Mortgages and house buying
But while access to cheaper loans may well be celebrated enthusiastically by those hoping to buy or remortgage a property, the downside is that we can expect banks to become stricter about who they lend to.
This shouldn't be a problem for older and more experienced borrowers - who will have built up a good financial history and/or reasonable amounts of equity - but it could affect younger and first-time buyers.
It will also affect buy-to-let landlords, and is therefore likely to have negative consequences for tenants - some of whom will also be trying to buy, but finding that more difficult too.
Barclays and Nationwide have already raised buy-to-let interest coverage ratios (ICR) to 145%, with other lenders likely to follow suit.
The ICR is an affordability measure that seeks to ensure that the rent charged by a landlord will cover the mortgage, and then some.
Upping the ICR means that landlords will need to find larger deposits to reduce the size of the eventual mortgage, and therefore the size of their repayments. It could also mean that for those who can't do that, it's likely that they'll have to charge their tenants more.
But while the current situation may not be great for landlords, tenants and first time buyers, it is, as we mentioned above, a relatively good time to be buying or remortgaging - particularly for those opting for a mortgage fixed to the interest rate.
By comparison, signing up for a tracker mortgage could be risky, as interest rates always have the potential to rise.
Tracker mortgages are so named because they track the Bank of England base rate at a set margin above or below it - for example, a tracker set at 1.0% more than the base rate would charge interest of just 1.5%.

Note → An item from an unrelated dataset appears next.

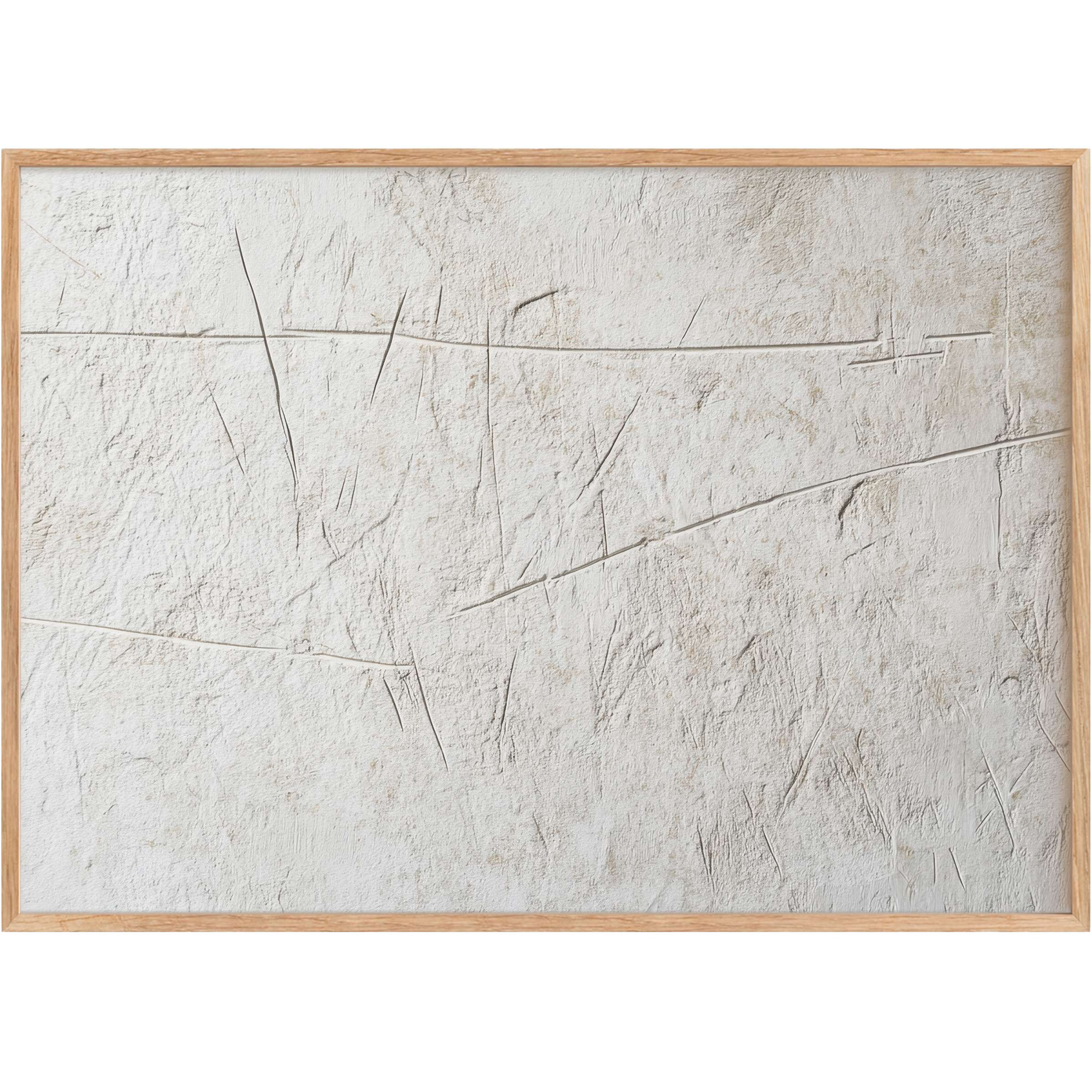 Minimalist abstract printable wall art featuring textured white and soft beige tones, evoking a serene, refined ambiance for modern interiors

They seem good value when the base rate is low, but when it rises, borrowers can suddenly find themselves faced with much higher monthly repayments.
If interest rates do rise - which at the moment looks unlikely - the IMF and the Treasury have predicted that house prices could drop by between 10% and 18%.
Not only will people with trackers be paying more per month, but they'll be paying more on an house that's suddenly worth much less.
And while we might think that cheaper houses would make first-time buyers happy, they'll still need to pass the affordability checks, and their mortgages - and other borrowing - will become more expensive.